Some of the girls had dolls that emulated various bodily functions, as well as those pretend babies' bottles that look like milk is being drunk from it. These were not particularly useful to me.

One or two had those squirty water-filled Tomy game things, where you frantically pushed a plunger button to try to get plastic hoops onto hooks, in soporifically slow motion. Again, not much help.

But I could see a lot of boys with Star Wars stuff, especially those Speeder Bike things from Return of the Jedi, which broke apart when you pressed a button at the back. And Masters of the Universe figures, that did things like show battle damage or 'power punches' and the like.

I was annoyed because, had I remembered, I could have brought in one of my prized Hot Wheels Crack-Ups, which emphatically Did Something. I had two of those. But neither of them happened to be in my pocket today.

But really... who was to know that wasn't what I had in front of me? I just had to fill a page in the book.

Okay. I could wing this.

We'd been told to call the story  "A Christmas Toy' and start with the words "My toy is __________" before going on to describe it.

So I set the Thunderbird on the desk in front of me, opened my story book, and started to write.

 

I hadn't got very far when I realised Miss Finlay was bending over me, reading what I'd written. And, before I knew what was happening, she'd whisked both my book and my Thunderbird away from me and held them up to the class.

"What's this?" she bellowed. "Smash Cars?"

There was a silence from the class.

She started to read out loud, from my book.

"My toy is Smash Cars. They smash and if you smash it - "  she finished and threw the book back onto the desk, then glared down at me.

"Smash Cars? What does it do? You were told to bring in a toy that did something."

I felt the blood run out of my face. She had my car, and I didn't like that.

"Erm, well it does - it's a Smash Car, you can smash it into things and it smashes up - "

"So show me." She threw the Thunderbird back down on the desk. It skittered off and hit the floor, and I dived after it.

Even though I could be a destructive little bugger with my cars, this one still retained its soft newness. I was horrified to notice a chip in the front bumper's bullet overrider, where it had smacked into the scuffed parquet floor.

"Well, the thing is you can only do it once, and it's just new..." I rubbed at my injured car, increasingly aware of how unconvincing my lies were sounding.

"He means Crack-Ups, not Smash Cars."

That was Gareth Murdoch, across the table. 

"No, that's not what it is!" I shot back at him, stung, my face no doubt reddening.

"It's Crack-Ups." Gareth seemed unperturbed. I don't know whether he genuinely thought he was trying to help, or dig me even deeper into a hole.

"Crack-Ups are made by Hot Wheels, this one is by Matchbox. It's a Smash Car.

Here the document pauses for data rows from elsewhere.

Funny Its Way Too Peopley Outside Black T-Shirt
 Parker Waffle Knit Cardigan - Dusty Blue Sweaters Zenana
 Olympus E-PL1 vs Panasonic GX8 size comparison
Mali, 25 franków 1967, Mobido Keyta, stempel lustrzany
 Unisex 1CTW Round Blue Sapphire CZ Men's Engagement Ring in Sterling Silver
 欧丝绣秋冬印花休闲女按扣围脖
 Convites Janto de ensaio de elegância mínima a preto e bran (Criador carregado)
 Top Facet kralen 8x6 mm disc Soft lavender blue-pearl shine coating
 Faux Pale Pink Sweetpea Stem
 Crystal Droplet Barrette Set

They're COMPLETELY DIFFERENT."

I could feel the situation was rapidly sliding away from me, and my head started to throb. I'm sure my voice was becoming rather shrill, too.

 

But to no avail. Miss Finlay may well have had an encyclopaedic knowledge of diecast and therefore knew I was lying, or she might have just been looking for an excuse to pour out some bitterness on a bleak January morning when retirement still seemed impossibly far away. Either way, she roared at me.

"Enough! This is just an ordinary toy car that doesn't DO anything. It is NOT a Smash Car. YOU are a LIAR."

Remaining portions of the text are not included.